■ **Aim of the task**:
Beginning at the line that contains "Сказки о маме (2018) скачать", output each line exactly through the end of the records, and drop any pictures.
►
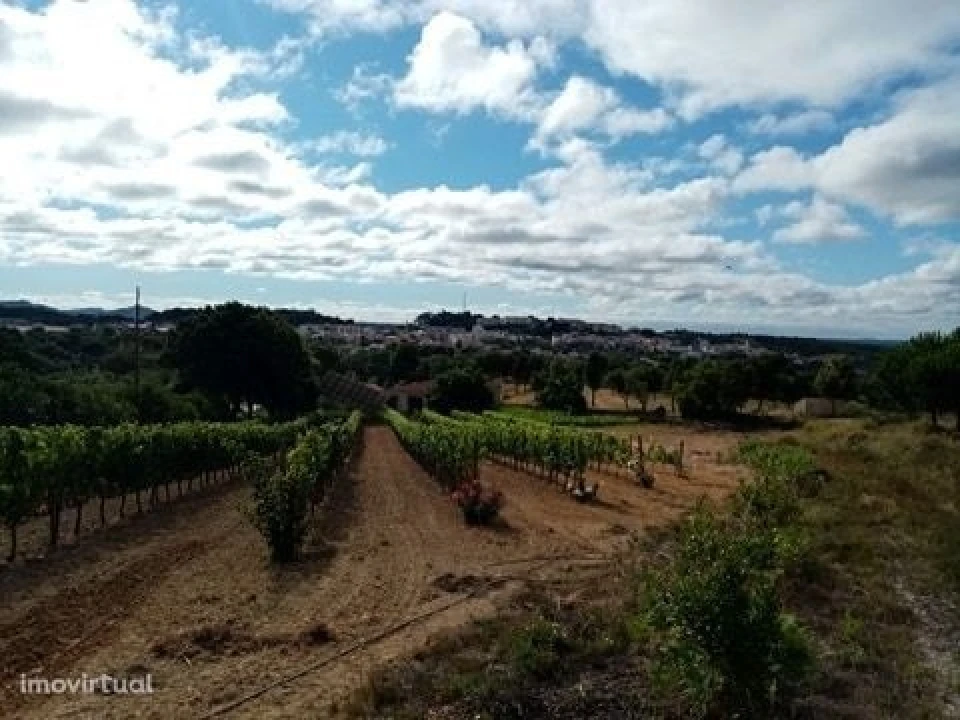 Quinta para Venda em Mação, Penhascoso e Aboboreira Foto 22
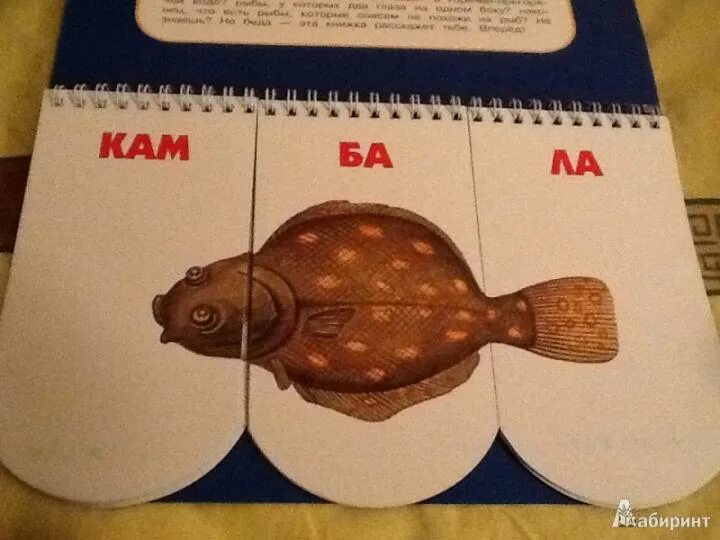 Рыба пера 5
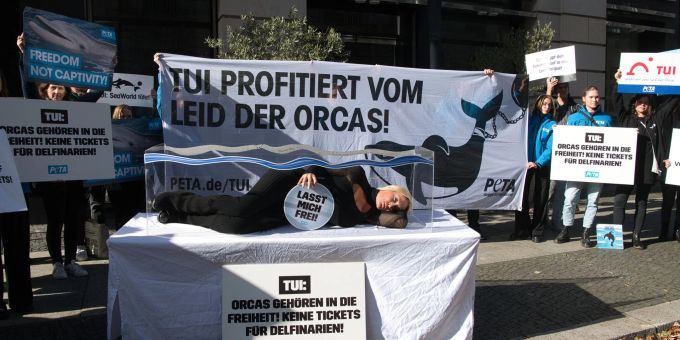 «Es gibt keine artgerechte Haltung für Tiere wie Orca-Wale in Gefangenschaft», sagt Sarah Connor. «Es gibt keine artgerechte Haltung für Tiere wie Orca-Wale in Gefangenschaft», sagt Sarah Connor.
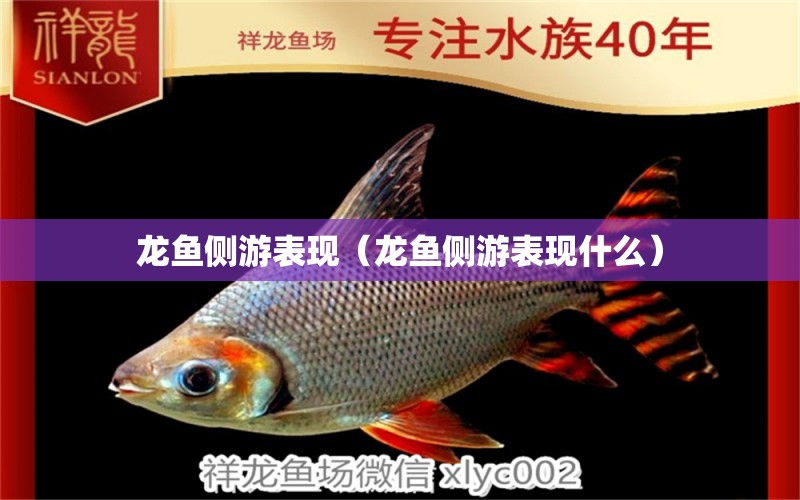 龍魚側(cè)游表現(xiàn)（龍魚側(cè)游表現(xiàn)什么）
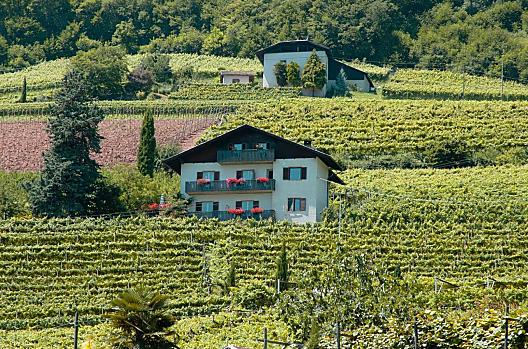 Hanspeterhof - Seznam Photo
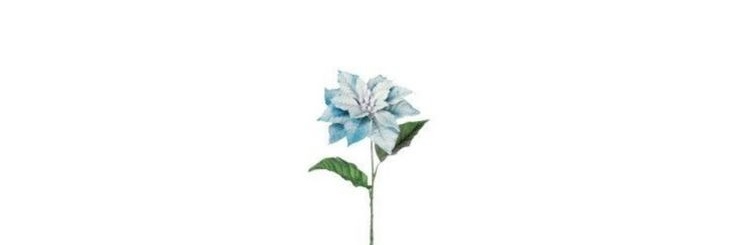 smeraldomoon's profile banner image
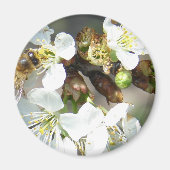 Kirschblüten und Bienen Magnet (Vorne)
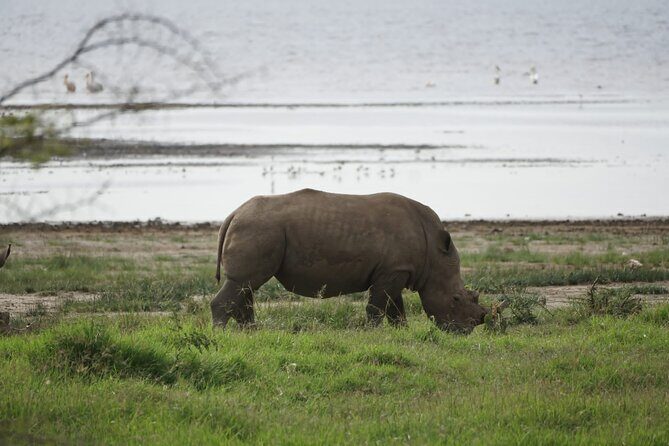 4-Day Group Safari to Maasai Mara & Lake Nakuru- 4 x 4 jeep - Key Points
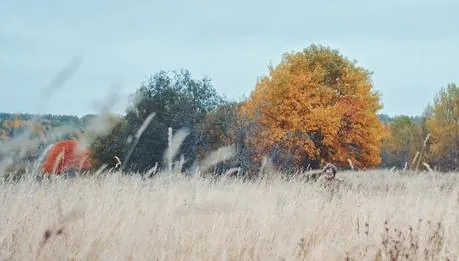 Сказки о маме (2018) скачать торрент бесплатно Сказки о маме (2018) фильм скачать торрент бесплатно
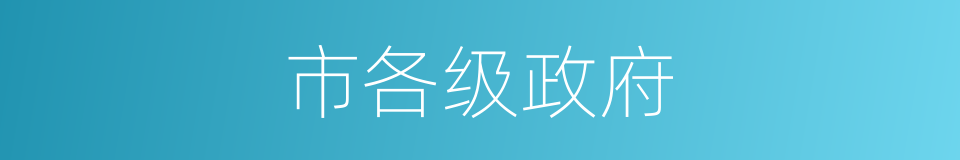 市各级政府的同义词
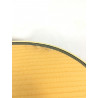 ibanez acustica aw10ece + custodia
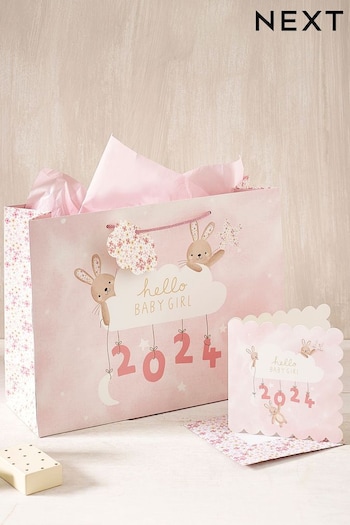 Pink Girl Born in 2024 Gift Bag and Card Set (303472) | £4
◄
■ **Solution**:
 Сказки о маме (2018) скачать торрент бесплатно Сказки о маме (2018) фильм скачать торрент бесплатно
 市各级政府的同义词
 ibanez acustica aw10ece + custodia
 Pink Girl Born in 2024 Gift Bag and Card Set (303472) | £4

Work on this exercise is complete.